I am having problem understanding the definition of absolute stability. One definition of absolute stability I have heard is
"A numerical solution $ w_n $ to a problem is absolute stable for a given h > 0 if $ \lim_{n\to\infty} w_n = \lim_{t\to\infty} y(t) = 0 $ given that the problem is y'(t) = $\lambda y $ and $y(0) = 1 $.
This works well with the Euler forward method, for example.
$ w_{n+1} = w_n + h\lambda w_n = \dots = (1 + h\lambda)^{n+1}$. From here one can see that $ | 1 + h\lambda| < 1 $ in order for $ \lim_{n\to\infty} w_n = 0 $ which means absolute stability according to the definition I mentioned earlier.
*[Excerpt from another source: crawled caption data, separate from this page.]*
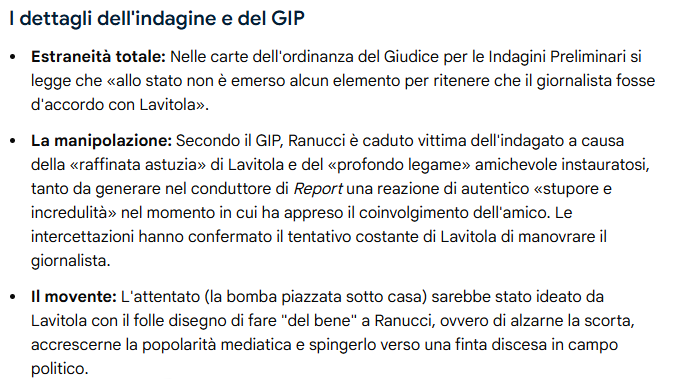Xray1260801's tweet photo. @FrankyCoal ancora dai retta a quello che scrive capexzzone... 😂 ...svegliati... finitela di postare caxxate inventate https://t.co/NqPQyIl8m8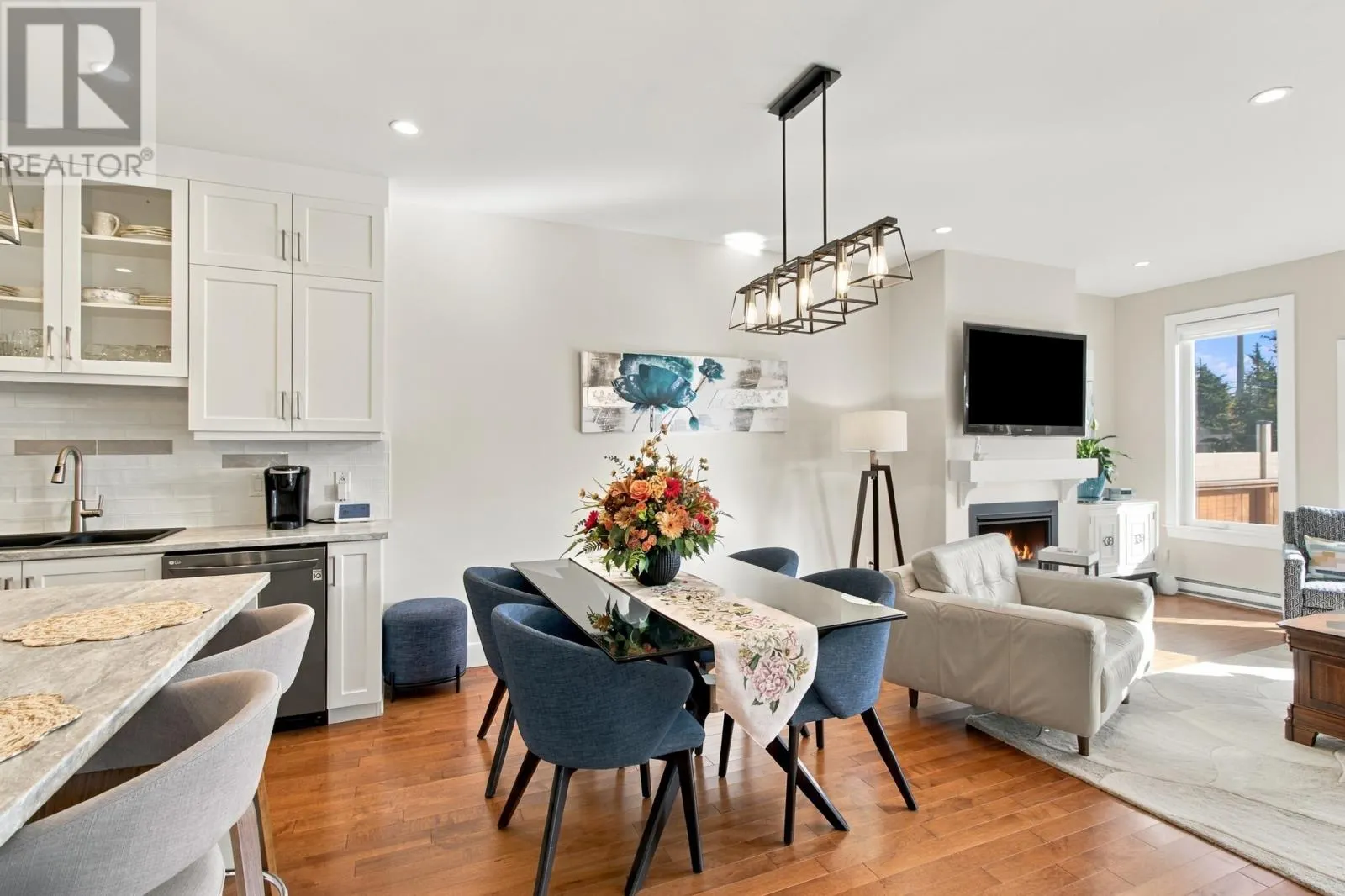 23 Clifden Woods OTHER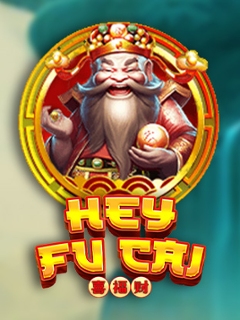 Hey Fu Cai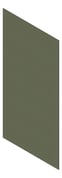 3D Presentation Image of Embrace Uniform 500 Kelp Autex NZ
However, I have also heard absolute stability being defined as something like: "If small perturbation in the initial value of an IVP does not affect the behavior of the function after long time, than it is absolute stable".
Again, one can prove Euler forward is absolute stable by showing that a small deviation $ \delta $ of the initial value does not affect the function as t approaches infinity. This is done by showing the error approaches 0 as t approaches infinity.
Are the two definitions the same, just written in other words? Have I done something wrong?
For example, consider the IVP (without perturbation) $y' = \lambda y + f(t), y(0) = y_0 $ and the same IVP but this time with a perturbation: $ u' = \lambda u + f(t), u(0) = y_0 + \delta $.
If I were to prove the first IVP as absolute stable, I could do it using definition 2, since the f(t) will cancel out when I calculate the error $e = u_{n+1} - y_{n+1} $. But I don't know how I could prove it using definition 1, since f(t) will make it more difficult.
To summarize. If I can prove small changes in the initial value doesn't matter after long time, does this mean my method is absolute stable? If not, then how can I prove the latest example is absolute stable?